Fine and fightback: What is the story behind Amazon’s anti-trust problem in India?


Confederation of All India Traders (CAII) supporters holding placards during a protest against Amazon and the proposed increase in GST on various goods, at Chandni Chowk, in Delhi (ANI)

A trade body CAIT has requested Union Commerce Minister Piyush Goyal to order for immediate suspension of Amazon portal in India

Our Bureau
New Delhi

The Competition Commission of India (CCI) has slapped Rs 202 crore penalty on Amazon for providing false information and suppressing material particulars in the deal to acquire a stake in Future Coupons Private Ltd (FPCL). The competition watchdog has also suspended the deal. In 2019, the US-headquartered e-commerce giant Amazon announced the acquisition of 49 per cent shareholding in Future Coupons Private Limited, which is a part of Future Group. In a 57-page order, the CCI noted that Amazon suppressed “the actual purpose and particulars” of the 2019 deal.

The CCI noted that there is a “deliberate design on the part of Amazon to suppress the actual scope and purpose of the Combination, and the Commission finds no mitigating factor.”

“Resultantly, the Commission considers it appropriate to levy the maximum penalty of Rs. 1 crore each under the provisions of Section 44 and Section 45 of Act. Accordingly, Amazon is directed to pay a penalty of Rs.2 crore,” CCI said.

Reacting on the CCI order, trade body Confederation of All India Traders (CAIT) said: “The order of the CCI penalizing Amazon for Rs 200 crores and suspending Future deal is a landmark order and Amazon stands fully exposed for its mal-practices, and a bunch of lies at all levels together with continued violation of laws and the rules.”

The CAIT has requested Union Commerce Minister Piyush Goyal to order for immediate suspension of Amazon portal in India, CAIT Secretary General Praveen Khandelwal said in a statement.

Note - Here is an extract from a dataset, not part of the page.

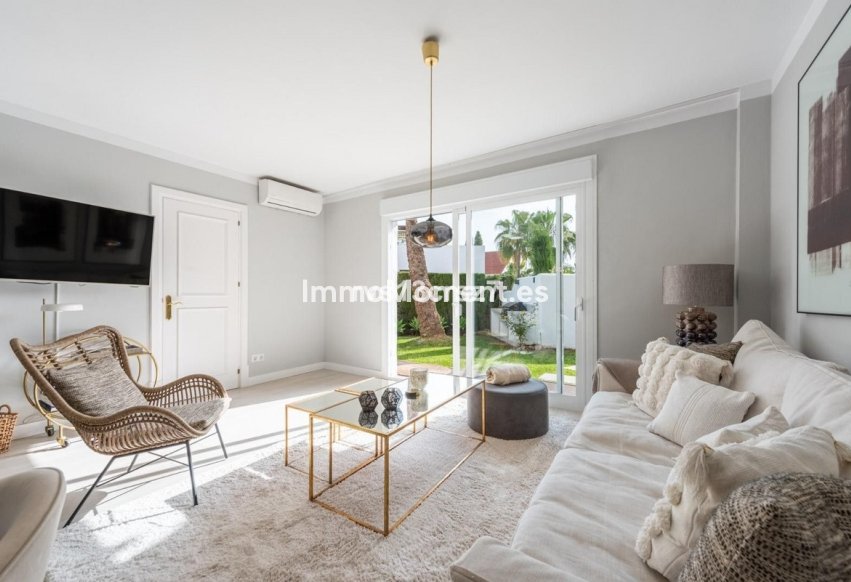 Resale - Apartment - Marbella - Nueva Andalucía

But Amazon Inc is taking India’s financial crime fighting agency to court, seeking to quash an investigation into one of its 2019 deals. India’s Enforcement Directorate (ED) has for months been probing Amazon’s $200 million investment in India’s Future Group for suspected violations of foreign investment laws.

The investment is at the center of protracted legal battles, as Amazon has used the terms of that deal – and cited contract breaches by Future – to stall the $3.4 billion sale of the Indian company’s retail assets to a rival.

Multiple Amazon executives, including its India head, had been summoned by the ED in recent weeks and the investigation had caused “unnecessary harassment,” the U.S. e-commerce giant said in its filing to the Delhi High Court on Dec. 21. “The directions by the ED asking for disclosure of legally privileged documents and litigation privilege information is derogatory of the principles” laid out in Indian constitution, Amazon said in the filing, which is not public. “The investigation is a fishing and roving exercise.”

Amazon and the ED, which does not make details of its investigations public, did not immediately respond to requests for comment. The case will likely be heard on Thursday. The filing is the latest twist in the long-running dispute between Amazon and Future. Though India’s antitrust body suspended their 2019 deal last week, saying Amazon had suppressed information when seeking approvals for it, the ED’s probe is independent of that.

The dispute centers around three commercial agreements signed between Future and Amazon entities, which a Singapore arbitration panel – also hearing the dispute – has said must be read together when reviewing the transaction.

Amazon’s court filing contained a notice from the ED dated Feb. 19 which sought details of its investment in Future, including copies of agreements, bank account details and other related internal communication. It also showed the ED is conducting a far wider probe, and had sought details of big vendors on Amazon’s e-commerce website in India, including sales numbers for those that account for more than 5% of total sales on

But in the meanwhile, Amazon is buying out NR Narayana Murthy’s investment firm Catamaran’s 76% stake in Prione Business Services. The latter runs Cloudtail, the largest seller on the Amazon India marketplace with revenue of over Rs 16,600 crore in fiscal year 2021. It is also Amazon’s arm that helps bring in third party sellers onto its platform.

Indian laws prohibit a marketplace operator to be a seller on the platform. So, Amazon cannot run Cloudtail on its own platform. Amazon did not say what its plans are for Cloudtail. Sources in the retail sector said they would try to divide Cloudtail’s business among multiple other vendors. It’s not clear how much time regulators have granted Amazon to complete this process.